If you have a Snowpark Python session, pass it as the snowpark_session argument:

import fsspec
from snowflake.ml.fileset import sfcfs

sf_fs2 = sfcfs.SFFileSystem(snowpark_session=sp_session)
Copy

SFFileSystem inherits many features from fsspec.FileSystem, such as local caching of files. You can enable this and other features by instantiating a Snowflake file system through the fsspec.filesystem factory function, passing target_protocol="sfc" to use the Snowflake FileSystem implementation:

local_cache_path = "/tmp/sf_files/"
cached_fs = fsspec.filesystem("cached", target_protocol="sfc",
                    target_options={"sf_connection": sf_connection,
                                    "cache_types": "bytes",
                                    "block_size": 32 * 2**20},
                    cache_storage=local_cache_path)
Copy

The Snowflake file system supports most read-only methods defined for a fsspec FileSystem, including find, info, isdir, isfile, and exists.

Specifying Files

To specify files in a stage, use a path in the form @database.schema.stage/file_path.

Listing Files

The file system’s ls method is used to get a list of the files in the stage:

print(*cached_fs.ls("@ML_DATASETS.public.my_models/sales_predict/"), end='\n')
Copy

Opening and Reading Files

You can open files in the stage by using the file system’s open method. You can then read the files by using the same methods you use with ordinary Python files. The file object is also a context manager that can be used with Python’s with statement, so it is automatically closed when it’s no longer needed.

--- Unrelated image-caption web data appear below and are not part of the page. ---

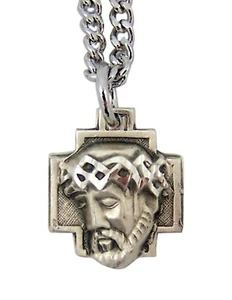 Sterling Silver Crown of Thorns Christ Head Cross Pendant, 9/16 Inch - Picture 1 of 2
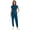 Caribbean blue, variant on Women's Scrub Jumpsuit In 8 Pocket Scrubs Set with Front Zipper Open Placket Neckline Top and Elastic Waist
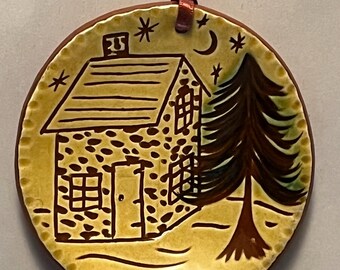 House with a Pine Tree - Pennsylvania German Redware Pottery by Denise Wilz - R99
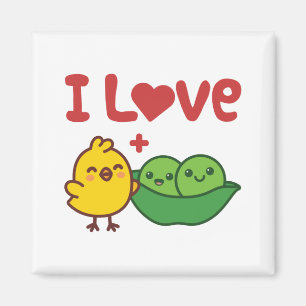 I Love Chickpeas Hummus Kawaii Magnet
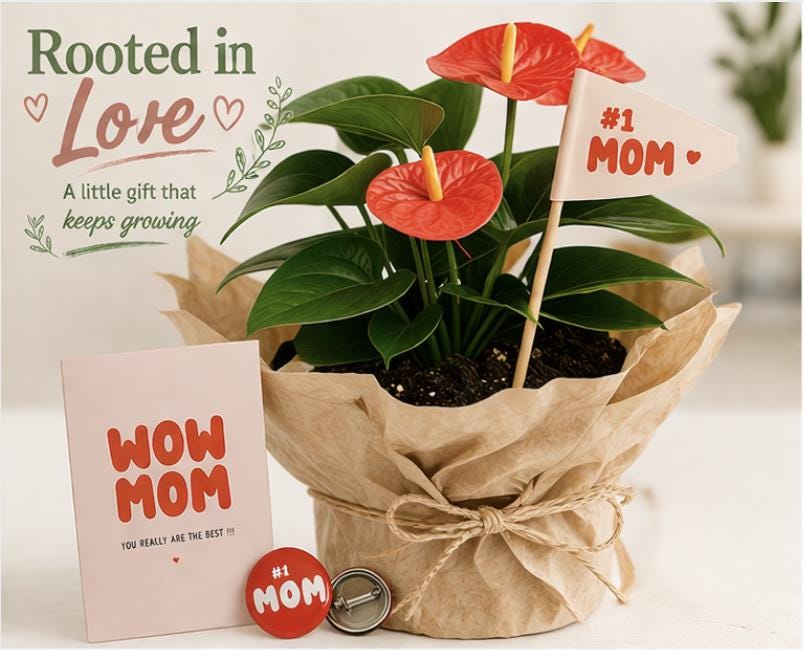 Anthurium Plant Gift Box for Mom | Mother’s Day Flowering Houseplant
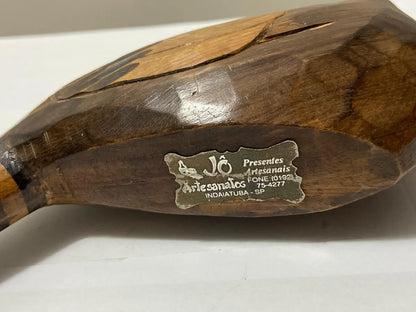 Par De Patos Em Madeira Esculpida À Mão - Antigas Esculturas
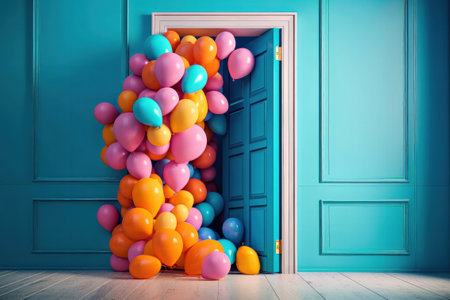 Colorful balloons in front of a blue door.の素材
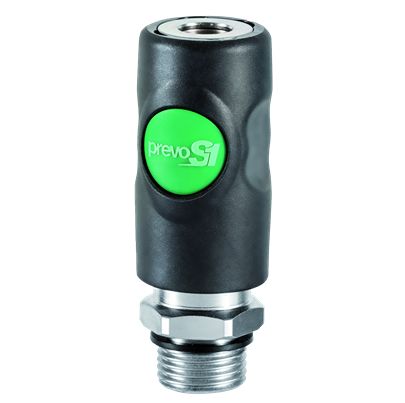 PREVOST Stainless Steel Male Pneumatic Quick Connect Coupling, G 1/2 Male Threaded [ESI 071153HE]; 629-844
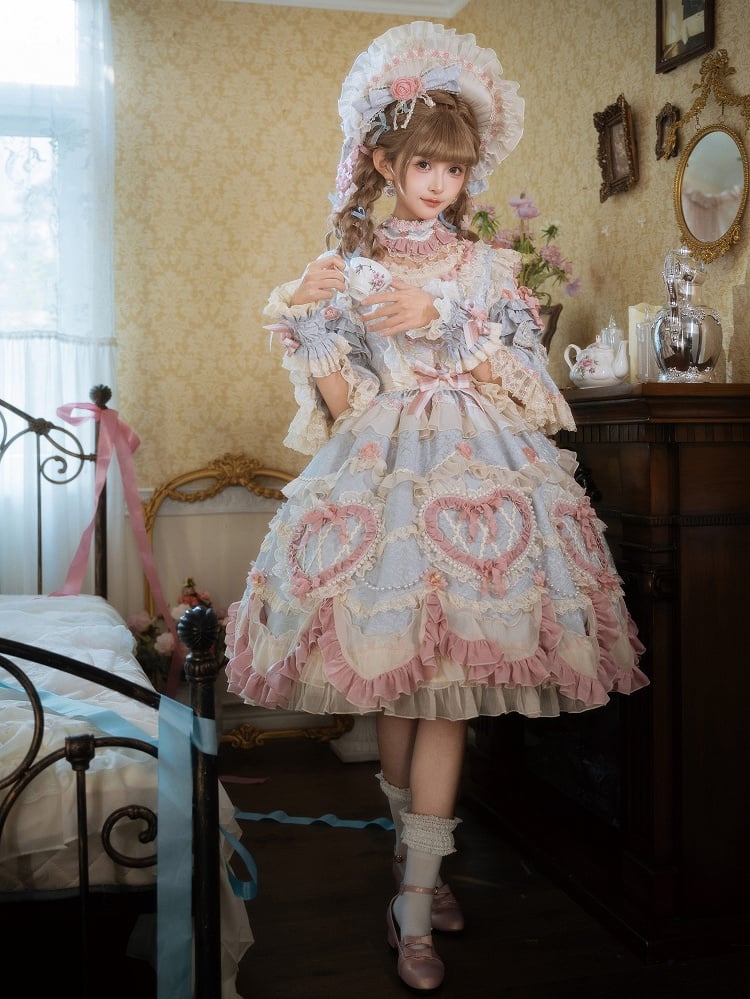 Wunderschönes Hanayome Lolita-Kleid mit Rosettenstickerei und Perlenkettendetails, Hellgrau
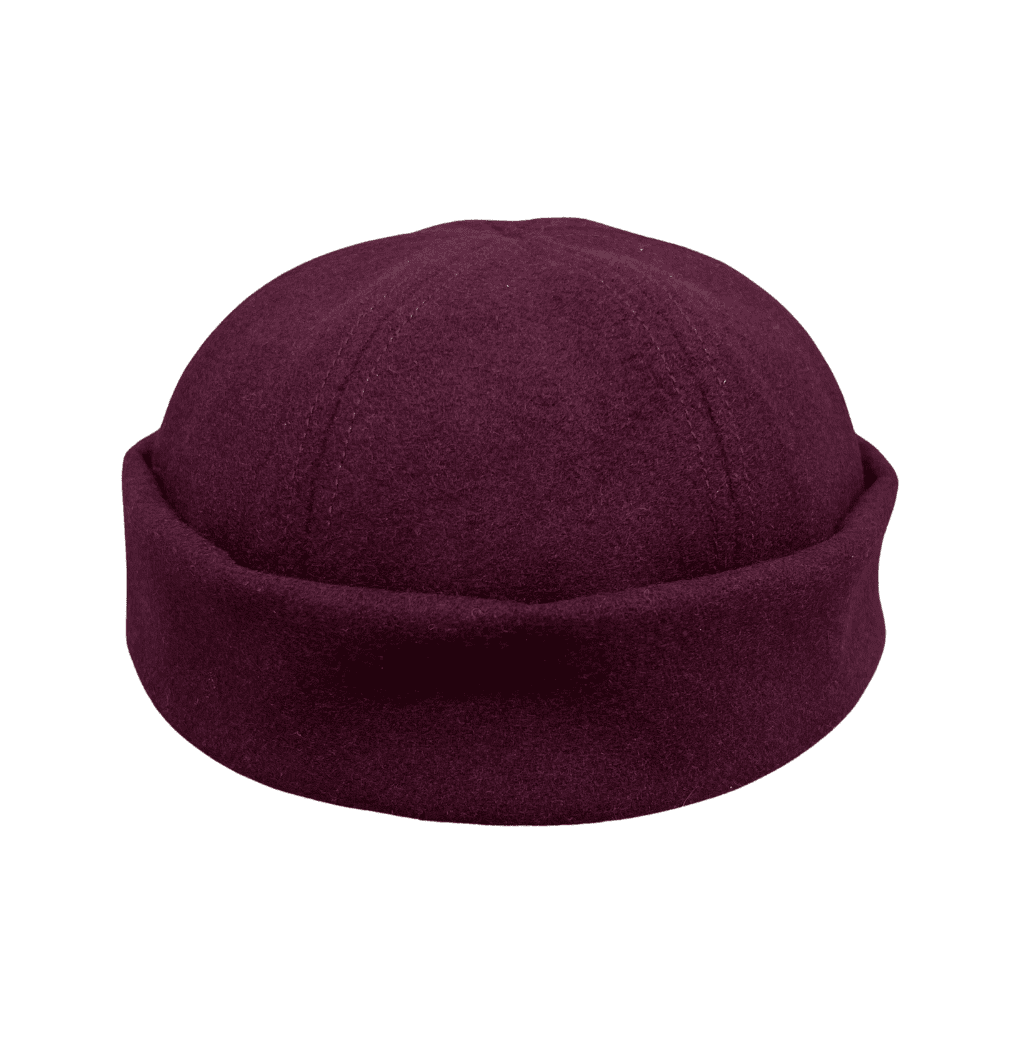 A purple hat is shown on a white background.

path = '@ML_DATASETS.public.my_models/test/data_7_7_3.snappy.parquet'

with sf_fs1.open(path, mode='rb') as f:
    print(f.read(16))
Copy

You can also use the SFFileSystem instance with other components that accept fsspec file systems. Here, the Parquet data file mentioned in the previous code block is passed to PyArrow’s read_table method:

import pyarrow.parquet as pq

table = pq.read_table(path, filesystem=sf_fs1)
table.take([1, 3])
Copy

Python components that accept files (or file-like objects) can be passed a file object opened from the Snowflake file system. For example, if you have a gzip-compressed file in your stage, you can use it with Python’s gzip module by passing it to gzip.GzipFile as the fileobj parameter:

path = "sfc://@ML_DATASETS.public.my_models/dataset.csv.gz"

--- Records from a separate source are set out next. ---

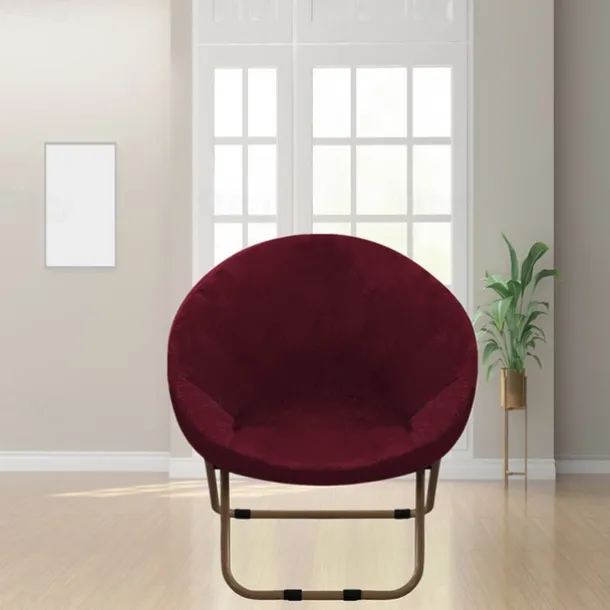 Velvet Round Saucer Chair Cover, Moon Chair Slipcovers 1 Piece Stretch Removable Moon Chair Cover with Elastic Bottom for Living Room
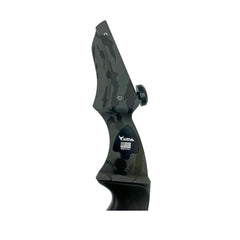 Left-handed Vantage Point Archery VPA Riser in OD green, 13-inch all-purpose bow riser with ergonomic design.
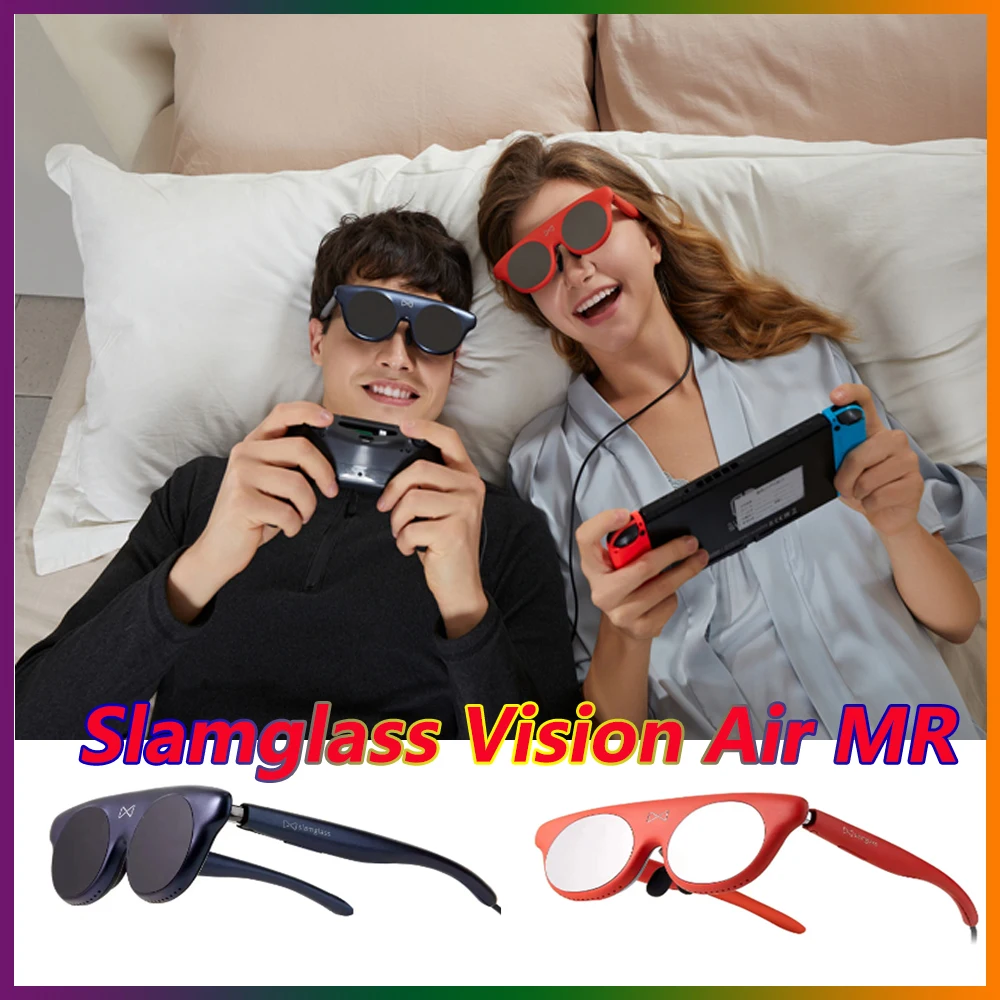 Slamglass Vision Air MR Glasses Portable Fov 50&deg; Large Screen 1920X1080 Full Color RGB for Home Theater Viewing Glasses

with cached_fs.open(path, mode='rb', sf_connection=sf_connection) as f:
    g = gzip.GzipFile(fileobj=f)
    for i in range(3):
        print(g.readline())
Copy

Creating and Using a FileSet

A Snowflake FileSet represents an immutable snapshot of the result of a SQL query in the form of files in an internal server-side encrypted stage. These files can be accessed through a FileSystem to feed data to tools such as PyTorch and TensorFlow so that you can train models at scale and within your existing data governance model. To create a FileSet, use the FileSet.make method.

You need a Snowflake Python connection or a Snowpark session to create a FileSet. See Connecting to Snowflake for instructions. You must also provide the path to an existing internal server-side encrypted stage, or a subdirectory under such a stage, where the FileSet will be stored.

To create a FileSet from a Snowpark DataFrame, construct a DataFrame and pass it to FileSet.make as snowpark_dataframe; do not call the DataFrame’s collect method:

# Snowpark Python equivalent of "SELECT * FROM MYDATA LIMIT 5000000"
df = snowpark_session.table('mydata').limit(5000000)
fileset_df = fileset.FileSet.make(
    target_stage_loc="@ML_DATASETS.public.my_models/",
    name="from_dataframe",
    snowpark_dataframe=df,
    shuffle=True,
)
Copy

To create a FileSet using a Snowflake Connector for Python connection, pass the connection to Fileset.make as sf_connection, and pass the SQL query as query:

fileset_sf = fileset.FileSet.make(
    target_stage_loc="@ML_DATASETS.public.my_models/",
    name="from_connector",
    sf_connection=sf_connection,
    query="SELECT * FROM MYDATA LIMIT 5000000",
    shuffle=True,           # see later section about shuffling
)
Copy

Note

See Shuffling Data in FileSets for information about shuffling your data by using the shuffle parameter.

Use the files method to get a list of the files in the FileSet:

print(*fileset_df.files())
Copy

For information about feeding the data in the FileSet to PyTorch or TensorFlow, see Feeding a FileSet to PyTorch or Feeding a FileSet to TensorFlow, respectively.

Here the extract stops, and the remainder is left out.